Some parts of the story contradict a deterministic position and suggest the exact opposite that everyone acted totally free.
The ambivalence of love is also an important topic. One of the protagonist's strongest wishes is to be loved, and it's said that love is very important for many people. On the other hand, love is also the cause of many problems for the characters.
Like in most fan fictions by SSJKamui, power is also an important topic of the story. Like Nietzsche, Macchiavelli and Stirner, SSJKamui has a very positive view of power and thinks power is very important. He also links the will to power to the concept of "Eudaimonia" by the Greek philosopher Aristotle.
In the last episode of Dimensional Prophecy of Zohar, the author defines power as "the sum of everything people can use to fulfill their goals". Thus, nearly every character in the story wants to get more power, and most problems of the characters come from a lack of power.
- The author was 17 years old when he started to write this story. He completed the last three episodes of the story at the age of 18.
- The story is based on the works of Friedrich Nietzsche, Jean Paul Sartre, Arthur Schopenhauer, Albert Camus, Martin Heidegger, Immanuel Kant, Sigmund Freud, Carl Gustav Jung, Jacques Lacan, Konrad Lorenz, Epicurus, Karl Marx, Niccolò Macchiavelli, Søren Aabye Kierkegaard, Richard Dawkins, Thomas Hobbes and some other people.
- The story has some similarities with some anime, books and films, e.g. Neon Genesis Evangelion,The Matrix, Blade Runner, Gundam, Starship Troopers, Ghost in the Shell, Serial Experiments Lain, Alien, the Cthulhu Mythos, Jin-Roh, Akira, Tarantula and The X-Files.
- The Names of the Ranks Galactic Coordinator and Cadet Commander are inspired by Lensman.
- The title Dimensional Prophecy of Zohar is an allusion to the Kabbalah, an important plot element.
- The term metahuman is taken from Shadowrun.
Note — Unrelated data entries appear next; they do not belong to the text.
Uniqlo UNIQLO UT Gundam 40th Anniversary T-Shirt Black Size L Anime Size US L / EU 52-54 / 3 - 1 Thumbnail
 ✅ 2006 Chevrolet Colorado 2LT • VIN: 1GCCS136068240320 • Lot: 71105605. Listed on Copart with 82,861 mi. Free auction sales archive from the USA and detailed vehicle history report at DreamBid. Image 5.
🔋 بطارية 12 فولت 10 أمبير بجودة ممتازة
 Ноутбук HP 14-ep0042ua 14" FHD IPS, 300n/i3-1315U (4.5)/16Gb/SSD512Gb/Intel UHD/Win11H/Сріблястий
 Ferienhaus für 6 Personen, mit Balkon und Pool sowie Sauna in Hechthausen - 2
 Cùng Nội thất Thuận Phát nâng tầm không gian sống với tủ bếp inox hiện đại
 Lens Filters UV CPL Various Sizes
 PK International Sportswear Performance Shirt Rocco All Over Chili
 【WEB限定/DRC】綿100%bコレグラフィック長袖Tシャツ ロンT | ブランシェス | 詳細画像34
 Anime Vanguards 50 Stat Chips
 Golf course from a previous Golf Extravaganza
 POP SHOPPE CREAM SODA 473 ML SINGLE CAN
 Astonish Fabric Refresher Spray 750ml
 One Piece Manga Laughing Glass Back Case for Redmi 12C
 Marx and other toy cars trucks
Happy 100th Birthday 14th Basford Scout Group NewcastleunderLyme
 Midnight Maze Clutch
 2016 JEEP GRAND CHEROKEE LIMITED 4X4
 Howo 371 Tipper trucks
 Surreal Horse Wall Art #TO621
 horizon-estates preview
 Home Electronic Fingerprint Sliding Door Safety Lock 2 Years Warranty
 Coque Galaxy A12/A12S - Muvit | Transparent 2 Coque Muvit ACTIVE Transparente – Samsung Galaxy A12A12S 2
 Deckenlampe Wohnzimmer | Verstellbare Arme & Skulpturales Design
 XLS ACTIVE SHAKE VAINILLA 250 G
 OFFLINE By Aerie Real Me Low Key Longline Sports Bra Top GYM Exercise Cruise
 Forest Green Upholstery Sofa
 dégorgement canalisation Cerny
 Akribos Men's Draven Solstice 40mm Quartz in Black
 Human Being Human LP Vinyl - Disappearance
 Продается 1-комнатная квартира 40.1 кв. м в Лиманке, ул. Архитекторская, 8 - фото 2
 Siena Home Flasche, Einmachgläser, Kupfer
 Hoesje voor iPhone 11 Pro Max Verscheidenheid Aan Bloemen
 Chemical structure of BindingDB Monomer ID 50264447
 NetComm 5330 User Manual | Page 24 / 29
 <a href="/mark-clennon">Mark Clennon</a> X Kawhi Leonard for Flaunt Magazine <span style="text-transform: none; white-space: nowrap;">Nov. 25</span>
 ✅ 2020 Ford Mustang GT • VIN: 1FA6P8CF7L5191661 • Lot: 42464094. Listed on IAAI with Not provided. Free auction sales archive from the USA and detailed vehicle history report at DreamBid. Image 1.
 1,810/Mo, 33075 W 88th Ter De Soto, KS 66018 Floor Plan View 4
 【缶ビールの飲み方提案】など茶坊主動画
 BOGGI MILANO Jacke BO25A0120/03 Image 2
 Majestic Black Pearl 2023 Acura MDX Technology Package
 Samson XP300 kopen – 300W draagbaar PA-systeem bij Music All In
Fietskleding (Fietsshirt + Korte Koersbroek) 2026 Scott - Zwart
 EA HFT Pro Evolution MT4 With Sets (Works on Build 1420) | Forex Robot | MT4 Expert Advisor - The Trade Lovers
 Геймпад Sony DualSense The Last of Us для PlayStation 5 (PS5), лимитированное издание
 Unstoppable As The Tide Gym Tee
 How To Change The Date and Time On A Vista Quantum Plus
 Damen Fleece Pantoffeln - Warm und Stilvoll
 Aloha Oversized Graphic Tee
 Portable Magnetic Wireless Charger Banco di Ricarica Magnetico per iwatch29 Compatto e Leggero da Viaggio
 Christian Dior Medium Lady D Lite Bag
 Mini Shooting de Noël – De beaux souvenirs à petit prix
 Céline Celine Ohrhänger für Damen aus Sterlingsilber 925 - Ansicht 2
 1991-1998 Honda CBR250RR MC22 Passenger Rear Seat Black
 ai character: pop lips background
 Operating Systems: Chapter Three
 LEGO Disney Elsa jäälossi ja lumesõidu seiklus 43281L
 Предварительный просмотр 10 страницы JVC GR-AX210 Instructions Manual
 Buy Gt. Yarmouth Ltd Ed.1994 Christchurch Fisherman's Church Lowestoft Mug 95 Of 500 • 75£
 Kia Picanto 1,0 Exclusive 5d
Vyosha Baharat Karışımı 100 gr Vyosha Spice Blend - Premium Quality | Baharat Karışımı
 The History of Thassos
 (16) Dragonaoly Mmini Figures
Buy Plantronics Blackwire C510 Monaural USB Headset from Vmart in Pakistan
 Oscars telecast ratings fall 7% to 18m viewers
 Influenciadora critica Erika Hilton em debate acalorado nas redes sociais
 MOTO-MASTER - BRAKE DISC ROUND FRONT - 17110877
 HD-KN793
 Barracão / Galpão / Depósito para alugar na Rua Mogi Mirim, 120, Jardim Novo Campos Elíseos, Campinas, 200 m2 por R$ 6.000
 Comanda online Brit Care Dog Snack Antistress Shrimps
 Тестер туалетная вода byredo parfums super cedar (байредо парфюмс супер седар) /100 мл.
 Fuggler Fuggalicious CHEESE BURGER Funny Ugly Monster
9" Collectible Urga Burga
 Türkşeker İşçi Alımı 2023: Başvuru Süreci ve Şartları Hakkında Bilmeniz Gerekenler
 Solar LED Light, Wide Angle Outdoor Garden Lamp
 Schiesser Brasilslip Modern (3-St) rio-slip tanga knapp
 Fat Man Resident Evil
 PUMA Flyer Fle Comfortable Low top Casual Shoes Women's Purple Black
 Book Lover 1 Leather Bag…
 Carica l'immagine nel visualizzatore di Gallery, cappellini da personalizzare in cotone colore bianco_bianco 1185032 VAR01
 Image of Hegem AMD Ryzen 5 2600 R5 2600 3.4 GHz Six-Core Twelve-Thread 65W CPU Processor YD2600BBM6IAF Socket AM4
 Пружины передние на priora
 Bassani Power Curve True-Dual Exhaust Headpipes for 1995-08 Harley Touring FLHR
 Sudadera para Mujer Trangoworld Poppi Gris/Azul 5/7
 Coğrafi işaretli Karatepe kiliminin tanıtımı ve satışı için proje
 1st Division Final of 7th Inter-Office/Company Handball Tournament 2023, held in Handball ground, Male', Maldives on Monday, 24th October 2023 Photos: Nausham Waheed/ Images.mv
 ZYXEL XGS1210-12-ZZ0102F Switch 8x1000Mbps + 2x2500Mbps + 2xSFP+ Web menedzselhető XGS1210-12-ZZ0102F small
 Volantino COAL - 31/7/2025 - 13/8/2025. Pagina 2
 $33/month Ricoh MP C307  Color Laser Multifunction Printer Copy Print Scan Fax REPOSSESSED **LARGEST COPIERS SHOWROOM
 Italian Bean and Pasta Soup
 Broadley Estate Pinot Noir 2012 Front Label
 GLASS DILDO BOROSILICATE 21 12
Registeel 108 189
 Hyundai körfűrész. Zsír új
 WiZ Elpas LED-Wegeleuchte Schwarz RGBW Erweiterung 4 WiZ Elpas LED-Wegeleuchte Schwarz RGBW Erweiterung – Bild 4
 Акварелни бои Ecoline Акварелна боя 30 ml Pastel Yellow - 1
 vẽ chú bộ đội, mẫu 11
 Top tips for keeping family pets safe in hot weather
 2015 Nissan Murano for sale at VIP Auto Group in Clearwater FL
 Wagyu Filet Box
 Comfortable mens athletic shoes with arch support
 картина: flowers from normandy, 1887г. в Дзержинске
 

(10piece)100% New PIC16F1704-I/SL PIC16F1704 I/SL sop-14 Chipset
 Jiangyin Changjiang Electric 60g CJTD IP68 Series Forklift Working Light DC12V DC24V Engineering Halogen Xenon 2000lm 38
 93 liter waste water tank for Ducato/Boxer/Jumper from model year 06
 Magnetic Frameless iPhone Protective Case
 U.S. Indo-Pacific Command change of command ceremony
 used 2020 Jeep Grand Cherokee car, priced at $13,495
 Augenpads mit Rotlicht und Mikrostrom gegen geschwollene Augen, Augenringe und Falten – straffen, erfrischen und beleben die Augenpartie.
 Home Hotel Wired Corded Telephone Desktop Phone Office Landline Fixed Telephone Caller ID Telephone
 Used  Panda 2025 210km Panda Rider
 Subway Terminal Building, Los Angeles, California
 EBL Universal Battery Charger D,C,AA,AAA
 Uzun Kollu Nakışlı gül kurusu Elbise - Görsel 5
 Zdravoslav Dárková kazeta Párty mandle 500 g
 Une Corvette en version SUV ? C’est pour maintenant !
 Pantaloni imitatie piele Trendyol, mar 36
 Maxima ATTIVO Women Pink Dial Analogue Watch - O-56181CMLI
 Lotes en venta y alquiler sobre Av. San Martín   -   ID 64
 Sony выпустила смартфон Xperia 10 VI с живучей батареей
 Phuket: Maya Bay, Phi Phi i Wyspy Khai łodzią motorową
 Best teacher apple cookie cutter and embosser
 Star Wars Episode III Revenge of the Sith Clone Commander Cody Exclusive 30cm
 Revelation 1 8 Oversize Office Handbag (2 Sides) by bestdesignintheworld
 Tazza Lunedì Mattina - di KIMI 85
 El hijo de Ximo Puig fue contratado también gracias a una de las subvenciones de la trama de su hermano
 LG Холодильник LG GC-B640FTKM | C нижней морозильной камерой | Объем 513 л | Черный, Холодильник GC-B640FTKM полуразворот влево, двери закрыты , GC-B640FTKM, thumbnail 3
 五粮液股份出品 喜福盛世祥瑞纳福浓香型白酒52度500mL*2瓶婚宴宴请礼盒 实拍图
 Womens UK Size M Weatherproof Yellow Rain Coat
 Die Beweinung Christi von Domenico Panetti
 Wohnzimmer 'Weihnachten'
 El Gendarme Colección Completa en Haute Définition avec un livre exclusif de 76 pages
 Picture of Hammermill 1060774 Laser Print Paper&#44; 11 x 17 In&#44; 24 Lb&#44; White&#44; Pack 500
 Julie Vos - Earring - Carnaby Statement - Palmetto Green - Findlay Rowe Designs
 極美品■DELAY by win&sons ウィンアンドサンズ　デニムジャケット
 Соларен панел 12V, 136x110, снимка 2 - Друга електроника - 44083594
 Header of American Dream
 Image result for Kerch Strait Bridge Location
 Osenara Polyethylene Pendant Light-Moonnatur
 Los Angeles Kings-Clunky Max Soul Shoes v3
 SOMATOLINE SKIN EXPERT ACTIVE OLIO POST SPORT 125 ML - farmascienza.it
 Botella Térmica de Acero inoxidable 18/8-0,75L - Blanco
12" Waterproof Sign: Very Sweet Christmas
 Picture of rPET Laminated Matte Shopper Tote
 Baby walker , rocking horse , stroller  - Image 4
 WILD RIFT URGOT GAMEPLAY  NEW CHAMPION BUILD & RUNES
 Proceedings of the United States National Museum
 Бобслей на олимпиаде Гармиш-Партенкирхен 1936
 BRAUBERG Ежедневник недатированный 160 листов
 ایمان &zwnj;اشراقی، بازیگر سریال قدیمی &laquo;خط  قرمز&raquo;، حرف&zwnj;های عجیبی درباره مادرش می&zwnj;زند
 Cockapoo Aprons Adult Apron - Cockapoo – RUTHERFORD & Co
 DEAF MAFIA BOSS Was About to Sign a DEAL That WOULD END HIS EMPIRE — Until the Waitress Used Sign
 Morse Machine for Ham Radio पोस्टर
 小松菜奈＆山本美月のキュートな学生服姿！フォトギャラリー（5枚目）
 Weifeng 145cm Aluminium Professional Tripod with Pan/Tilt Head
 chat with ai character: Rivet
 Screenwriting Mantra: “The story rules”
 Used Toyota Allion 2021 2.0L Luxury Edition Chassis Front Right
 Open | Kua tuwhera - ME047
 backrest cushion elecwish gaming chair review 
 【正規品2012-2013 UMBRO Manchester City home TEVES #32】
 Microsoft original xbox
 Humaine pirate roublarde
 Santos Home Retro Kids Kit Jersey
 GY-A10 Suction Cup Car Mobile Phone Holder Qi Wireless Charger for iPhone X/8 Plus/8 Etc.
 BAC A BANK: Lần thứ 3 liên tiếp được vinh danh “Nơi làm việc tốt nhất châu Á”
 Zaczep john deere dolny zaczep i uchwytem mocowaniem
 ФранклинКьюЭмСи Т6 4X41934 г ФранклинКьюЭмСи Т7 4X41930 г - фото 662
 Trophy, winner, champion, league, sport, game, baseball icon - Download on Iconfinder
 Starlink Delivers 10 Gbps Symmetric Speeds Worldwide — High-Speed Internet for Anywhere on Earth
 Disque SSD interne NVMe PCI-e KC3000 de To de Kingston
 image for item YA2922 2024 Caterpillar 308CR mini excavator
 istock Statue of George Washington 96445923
- In the last episode, near the end, Karala Yagiyu says something based on the part of the novel The Sorrows of Young Werther by Johann Wolfgang von Goethe.
- The numbers 23 and 5 are mentioned often in the story. This is a reference to the Illuminati conspiracy theory, which plays an important role in the story.
- In Episode 2, before Karala says that she thinks her life is like the work of Sysiphus, a sheet of paper is described, which lays on the ground. On the paper, the task "calculate the number pi" is written. This is an allusion to a never-ending task like the work of Sysiphus.
- The scene in Episode 8, where Cesare Melchior kissed a girl in a corridor of the headquarters of the Gethsemane Group was influenced by a scene of the movie A Better Tomorrow.
- Episode 8 happens on November 11. This is the formal beginning of the Cologne Carnival.
- Some sentences Karala Yagiyu heard in her dream at the end of Episode 3 are from a Buddhist Mantra.
- In the story, sometimes a butterfly appears. This is an allusion to the Greek god Thanatos.
- The scene in the episode Special Layer: Freedom?, where Hilal and Madoka Michael walk through the forest is inspired by a scene in the movie Hero.
- Karalas classroom is Room 101. This is an allusion to the novel 1984.
- Closed-circuit television cameras in most places of Kyoto was also inspired by 1984.
- The conspiracy was integrated into the story because SSJKamui thought that philosophy, which is very important in the story, is mainly searching for truth and an ideal enemy goal is a conspiracy.
- The walkways between the houses in Kyoto are inspired by the walkway of the Krell City in Forbidden Planet.